LangFuse vs LangSmith: How to Monitor and Debug Your AI Applications
Your AI Application Is a Black Box - Unless You Observe It
You built a RAG chatbot, set up an AI agent, or integrated an LLM into your business processes. The first demo was impressive. Then the questions start: Why did the model hallucinate during yesterday’s customer call? How much does the OpenAI API cost per day? Why did response time spike to 8 seconds? Which prompt version performs better?
Traditional software has Datadog, Sentry, Grafana. But LLM applications are fundamentally different: they’re non-deterministic, their cost is token-based, their quality is subjective, and their failures are often bad answers rather than exceptions. This requires a different kind of monitoring - this is what we call AI observability.

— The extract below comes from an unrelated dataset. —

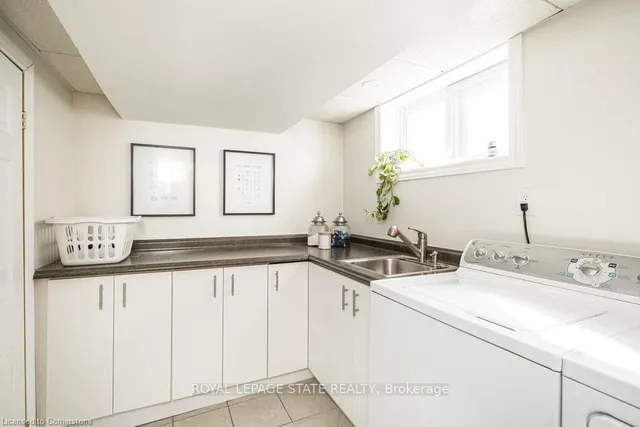 Additional image 34 of 134 Craigroyston Rd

By 2026, this space has exploded. In this article, we’ll compare the two leading platforms (LangFuse and LangSmith), review the rest of the ecosystem, and help you decide which one fits your project.
Why AI Observability Is Critical
Before diving into tools, let’s clarify what you need to measure in an LLM application:
- Tracing: Track every LLM call, tool use, and retrieval step - who called what, what it received, what it returned
- Latency: How long does response generation take? Where’s the bottleneck - the LLM, the vector search, or the network?
- Cost: Token usage and API costs in real time. A poorly written prompt can cost $500/day instead of $50
- Quality: Answer accuracy, relevance, and faithfulness - measured with automated LLM-as-judge scoring
- Error rate: Timeouts, rate limits, parse errors, guardrail violations
Without these, you’re flying blind. Observability isn’t a luxury - it’s what makes your AI application production-ready.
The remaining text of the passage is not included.